O confronto infrutífero em Caracas, que polariza e esgota cada vez mais a população, só pode terminar politicamente. Mas ambos os oponentes continuam a jogar pela vitória e impõem condições. A tarefa da comunidade internacional agora é tornar claro a ambos os protagonistas a falta de perspectiva para solução do impasse, para permitir a virada para o diálogo. Um confronto a qualquer preço só ocorre à custa do povo, a espera pelo cansaço dos protagonistas e o esgotamento do povo não fazem a situação avançar. A Alemanha, a Europa e os países da América Latina devem agora abandonar seu papel de espectadores e não devem se esquivar da responsabilidade pela situação do povo na Venezuela. É hora de uma iniciativa no nível dos ministros do Exterior para acabar com o confronto inútil em Caracas.

Juan Guaidó

A entrevista da repórter Sylvia Colombo com Juan Guaidó é esclarecedora e alarmante. Esclarece porque expõe o beco sem saída em que se encontra o entrevistado. Alarma porque, sendo Guaidó a única porta visível para uma saída negociada da ditadura, seu desnorteio mantém sobre a mesa as opções sanguinárias: da guerra civil à intervenção militar externa.

Guaidó reconhece o óbvio: "Há um elemento fundamental nesses processos de sair de uma ditadura para a democracia que é a adesão das Forças Armadas." Ficou entendido que blefou ao dizer na terça-feira que obtivera apoio expressivo dos militares. "Há insatisfação nas Forças Armadas? Sim, é óbvio. É o suficiente? Não."

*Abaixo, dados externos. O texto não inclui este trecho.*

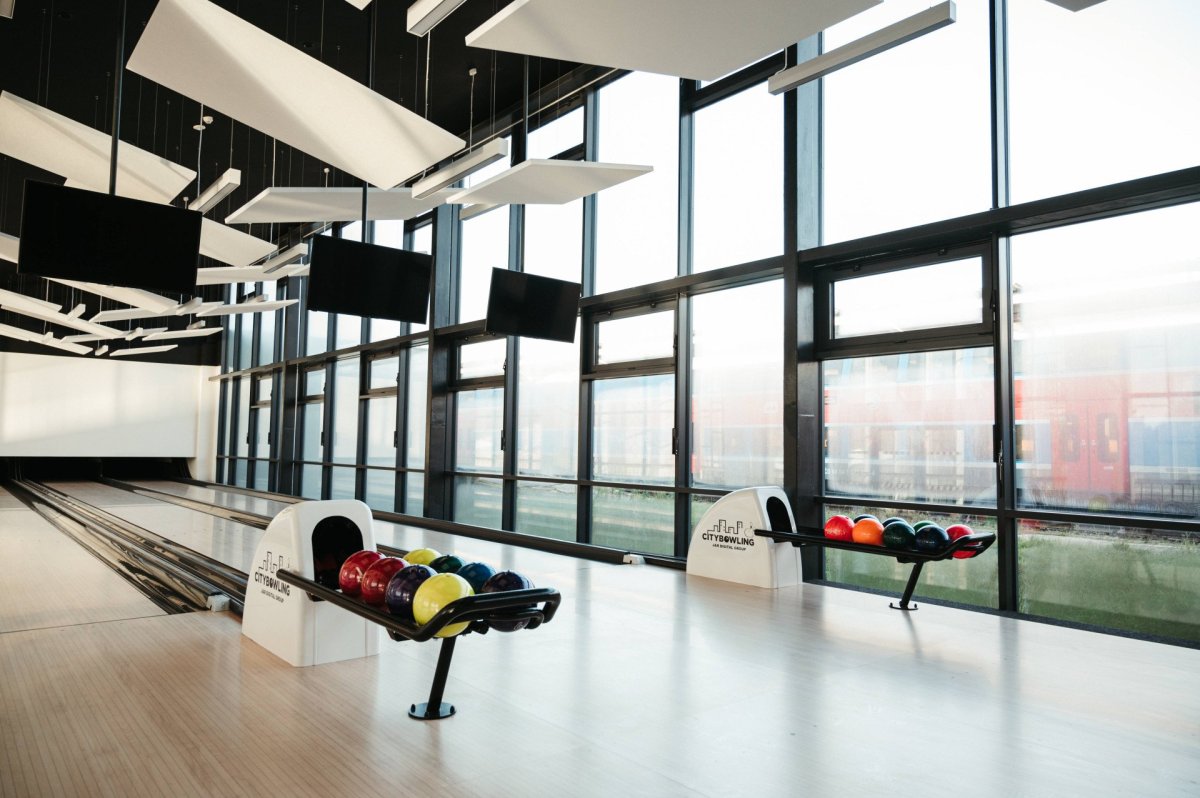 KOHLarchitekti zrekonstruovali nádražní halu v Havířově, nově slouží jako sportovně-kulturní centrum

A falta de rumo fica evidente em comentários como esse: "A ideia é ir somando cada vez mais gente a esse processo, nem que tome tempo." Ou esse: "Sim, um cidadão pode se cansar por um tempo, mas seu descontentamento com a situação seguirá, e ele voltará às ruas… Pode haver altos e baixos nas mobilizações, mas seguiremos sendo maioria."

Guaidó sustenta: "Pela Constituição, eu sou o presidente encarregado da Venezuela." É reconhecido por meia centena de países. Mas o fato é que não conseguiu se encarregar de uma mísera repartição pública.

Sobre o recrudescimento da repressão, Guaidó declara: "Esse tipo de atuação repressiva é a única coisa que o regime tem hoje. Eles tentam demonstrar um controle que não têm. Por isso reprimem…" Ora, Maduro só reprime porque comprou o apoio que interesse a um ditador —o apoio da força armada.

A conjuntura venezuelana migra perigosamente da fervura das manifestações pacíficas para o banho-maria de uma repressão ainda mais sanguinolenta. Confirmando-se o pior cenário, Guaidó pode virar um asterisco. Não é sem motivo que Maduro deixa solto o autoproclamado presidente enquanto se equipa para devolver à cadeia o mentor de Guaidó: Leopoldo López, refugiado na embaixada da Espanha em Caracas.

Mandachuva do partido Vontade Popular, Lópes é mais incisivo e carismático do que seu pupilo. No momento, o melhor que poderia acontecer para Maduro seria uma disputa entre criador e criatura pela liderança de uma oposição já bem fragmentada.